═════ DATA TO EXAMINE ═════

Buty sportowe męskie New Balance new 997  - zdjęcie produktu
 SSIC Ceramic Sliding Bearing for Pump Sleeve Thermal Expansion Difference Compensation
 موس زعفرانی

═════
═════ DATA TO EXAMINE ═════

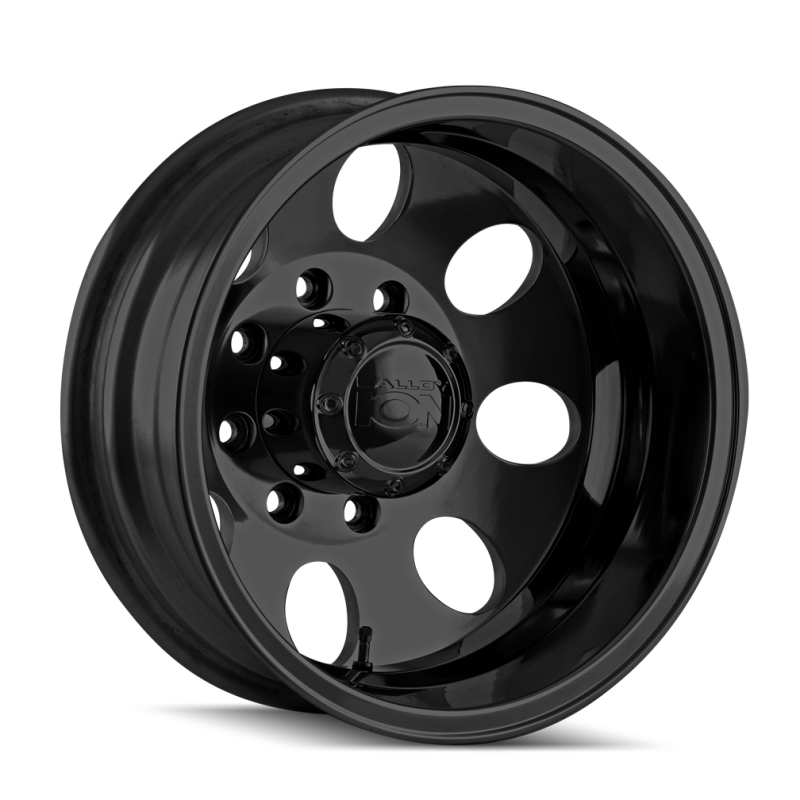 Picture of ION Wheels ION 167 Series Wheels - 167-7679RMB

═════
═════ DATA TO EXAMINE ═════

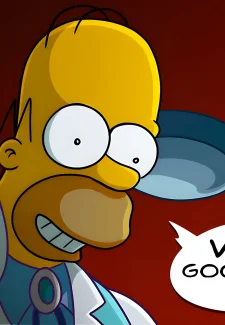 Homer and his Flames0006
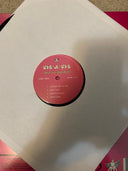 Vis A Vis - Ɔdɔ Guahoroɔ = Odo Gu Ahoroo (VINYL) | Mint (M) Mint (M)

═════

**TASK DETAILS:**
The stretch of entries above that starts with the line containing "Buty sportowe męskie" and goes on through the line containing "موس زعفرانی" is to be transcribed exactly, and no other line is to be transcribed.

**WRITTEN RESPONSE:**
Buty sportowe męskie New Balance new 997  - zdjęcie produktu
 SSIC Ceramic Sliding Bearing for Pump Sleeve Thermal Expansion Difference Compensation
 موس زعفرانی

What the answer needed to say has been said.